OK, progress to understanding!
The only manually setup port forwarding you should need is for Samba or NetBios file
sharing which are typically WAN ingress blocked by the router. Normally on
Modem->Router setup this is what you want as every thing on the WAN side is Internet
but in this case you want to forward (I assume) those kinds of traffic between
SubnetB & SubnetA.
All other functions: DNS, DHCP, & Gateway should already work fine since SubnetB
clients make requests of the subnet's router. There should be no custom tweaking to
get this much too work since at a micro level all clients rely on the local router
without a care that the next hop is more Intranet rather than Internet. At the macro
level NAT from SubnetB takes care of getting onto SubnetA and ultimately a second NAT
across RouterA get's RouterB's clients to the internet. Hence the term "Double NAT'd"
from earlier.
I don't know how old or what model/rev linky's you got but I assume the oldest WRT54
series is going to do DD-Wrt giving you more control. You may have to resort to using
telnet to setup iptables firewall rules if port forward GUI won't do what you want.

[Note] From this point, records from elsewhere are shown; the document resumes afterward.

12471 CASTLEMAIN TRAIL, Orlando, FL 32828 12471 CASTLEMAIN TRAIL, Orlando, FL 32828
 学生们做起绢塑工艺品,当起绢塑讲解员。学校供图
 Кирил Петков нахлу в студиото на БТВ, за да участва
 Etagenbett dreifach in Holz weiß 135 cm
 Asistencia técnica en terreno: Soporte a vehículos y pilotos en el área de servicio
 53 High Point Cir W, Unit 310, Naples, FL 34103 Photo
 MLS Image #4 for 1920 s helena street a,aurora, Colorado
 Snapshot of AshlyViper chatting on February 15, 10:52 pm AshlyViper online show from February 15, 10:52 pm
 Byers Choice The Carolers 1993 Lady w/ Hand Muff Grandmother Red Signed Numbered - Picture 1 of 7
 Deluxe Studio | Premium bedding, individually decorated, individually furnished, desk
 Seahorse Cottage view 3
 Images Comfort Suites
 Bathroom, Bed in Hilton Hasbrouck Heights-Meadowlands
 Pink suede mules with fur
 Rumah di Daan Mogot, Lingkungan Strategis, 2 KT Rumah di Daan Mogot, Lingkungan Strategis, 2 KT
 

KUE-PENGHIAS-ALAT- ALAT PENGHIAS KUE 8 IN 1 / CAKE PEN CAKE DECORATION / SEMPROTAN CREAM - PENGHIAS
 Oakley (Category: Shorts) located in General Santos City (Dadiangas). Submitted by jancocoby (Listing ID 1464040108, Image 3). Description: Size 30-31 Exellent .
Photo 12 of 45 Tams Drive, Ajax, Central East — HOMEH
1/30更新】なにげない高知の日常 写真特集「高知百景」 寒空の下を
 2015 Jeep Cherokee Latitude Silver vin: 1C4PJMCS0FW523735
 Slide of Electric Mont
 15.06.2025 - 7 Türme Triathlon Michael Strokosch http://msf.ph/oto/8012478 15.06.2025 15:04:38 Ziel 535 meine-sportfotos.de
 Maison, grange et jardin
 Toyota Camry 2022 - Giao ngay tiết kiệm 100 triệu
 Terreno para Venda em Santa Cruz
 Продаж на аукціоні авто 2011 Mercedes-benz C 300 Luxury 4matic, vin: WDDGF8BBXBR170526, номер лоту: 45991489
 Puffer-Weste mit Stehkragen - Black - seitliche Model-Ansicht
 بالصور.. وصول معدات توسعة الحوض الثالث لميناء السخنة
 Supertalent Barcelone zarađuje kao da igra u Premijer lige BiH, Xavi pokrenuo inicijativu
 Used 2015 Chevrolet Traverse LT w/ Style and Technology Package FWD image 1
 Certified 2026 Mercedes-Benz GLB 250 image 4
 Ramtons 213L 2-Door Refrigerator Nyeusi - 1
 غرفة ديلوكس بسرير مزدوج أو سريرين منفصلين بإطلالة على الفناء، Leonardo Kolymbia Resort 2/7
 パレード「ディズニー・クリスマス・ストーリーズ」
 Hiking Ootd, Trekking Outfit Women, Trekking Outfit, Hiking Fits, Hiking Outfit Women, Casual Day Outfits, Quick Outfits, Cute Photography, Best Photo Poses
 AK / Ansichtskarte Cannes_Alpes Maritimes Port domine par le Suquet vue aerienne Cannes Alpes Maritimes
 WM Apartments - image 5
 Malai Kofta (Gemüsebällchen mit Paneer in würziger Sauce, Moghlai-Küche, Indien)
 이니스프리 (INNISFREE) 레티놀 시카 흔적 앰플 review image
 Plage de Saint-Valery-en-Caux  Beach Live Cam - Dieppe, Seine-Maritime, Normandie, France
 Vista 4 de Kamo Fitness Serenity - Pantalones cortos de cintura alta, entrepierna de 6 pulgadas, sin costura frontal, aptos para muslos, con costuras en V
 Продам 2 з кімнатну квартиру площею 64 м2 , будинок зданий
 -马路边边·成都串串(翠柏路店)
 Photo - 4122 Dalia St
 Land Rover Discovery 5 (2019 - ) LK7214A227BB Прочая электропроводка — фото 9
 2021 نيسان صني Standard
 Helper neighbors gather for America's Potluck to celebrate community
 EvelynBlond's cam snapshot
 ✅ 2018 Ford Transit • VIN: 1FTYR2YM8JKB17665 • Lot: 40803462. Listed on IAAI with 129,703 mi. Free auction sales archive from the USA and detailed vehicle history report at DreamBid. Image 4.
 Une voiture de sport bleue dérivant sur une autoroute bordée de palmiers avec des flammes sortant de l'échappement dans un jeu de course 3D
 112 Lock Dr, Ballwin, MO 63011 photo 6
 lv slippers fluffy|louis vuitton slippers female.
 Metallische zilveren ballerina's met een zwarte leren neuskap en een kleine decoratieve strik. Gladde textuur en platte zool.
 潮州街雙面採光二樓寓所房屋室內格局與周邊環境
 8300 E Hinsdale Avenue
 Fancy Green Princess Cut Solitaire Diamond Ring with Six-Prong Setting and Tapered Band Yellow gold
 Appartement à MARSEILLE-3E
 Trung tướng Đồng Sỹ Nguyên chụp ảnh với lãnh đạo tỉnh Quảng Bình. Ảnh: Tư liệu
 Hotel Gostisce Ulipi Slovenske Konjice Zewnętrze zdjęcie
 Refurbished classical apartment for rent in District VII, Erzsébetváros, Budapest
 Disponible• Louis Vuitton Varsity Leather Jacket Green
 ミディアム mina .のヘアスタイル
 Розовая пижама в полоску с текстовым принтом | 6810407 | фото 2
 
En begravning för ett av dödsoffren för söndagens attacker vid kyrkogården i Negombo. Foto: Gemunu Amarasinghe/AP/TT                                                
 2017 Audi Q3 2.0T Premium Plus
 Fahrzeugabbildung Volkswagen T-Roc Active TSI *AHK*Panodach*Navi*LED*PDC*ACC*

For that matter they are just linux boxes and you can configure a lot like what's
bridged at the router.
On 4/26/2010 10:26 AM, Winterlight wrote:
At 02:44 AM 4/26/2010, you wrote:
Well then all resources are localized per subnet, thus should not be
an issue. This assuming you have linked downstream routers via their
WAN ports to LAN ports on the upstream router
I am using the WAN ports to LAN ports,
and are relaxing downstream routers' firewall rules to allow traffic
in/out their WAN ports to the "main" SubnetA which in turn serves as
gateway to the Internet.
but I have no setting for adjusting the Firewalls in these older
routers, other then on with DHCP or off, and of course port forwarding
which is probably my next thing to try.